Aim of the task: Among the records below, find the line that has "Bunch of pills"; from there, give the lines again exactly, and stop after the line that has "Mėlyna medvilninė marškinė".

#### Input data ####

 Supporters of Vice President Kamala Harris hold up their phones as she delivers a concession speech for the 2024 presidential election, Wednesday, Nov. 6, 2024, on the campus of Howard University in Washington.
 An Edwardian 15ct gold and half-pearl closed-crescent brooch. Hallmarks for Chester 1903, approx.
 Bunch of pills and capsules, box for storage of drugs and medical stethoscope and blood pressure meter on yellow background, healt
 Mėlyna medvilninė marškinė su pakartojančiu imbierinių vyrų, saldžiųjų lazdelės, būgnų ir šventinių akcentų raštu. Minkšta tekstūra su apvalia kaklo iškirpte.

####
#### Input data ####

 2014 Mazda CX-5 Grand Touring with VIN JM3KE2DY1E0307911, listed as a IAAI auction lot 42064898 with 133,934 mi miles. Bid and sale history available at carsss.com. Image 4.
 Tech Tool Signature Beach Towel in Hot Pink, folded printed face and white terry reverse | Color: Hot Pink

####

Task response:
 Bunch of pills and capsules, box for storage of drugs and medical stethoscope and blood pressure meter on yellow background, healt
 Mėlyna medvilninė marškinė su pakartojančiu imbierinių vyrų, saldžiųjų lazdelės, būgnų ir šventinių akcentų raštu. Minkšta tekstūra su apvalia kaklo iškirpte.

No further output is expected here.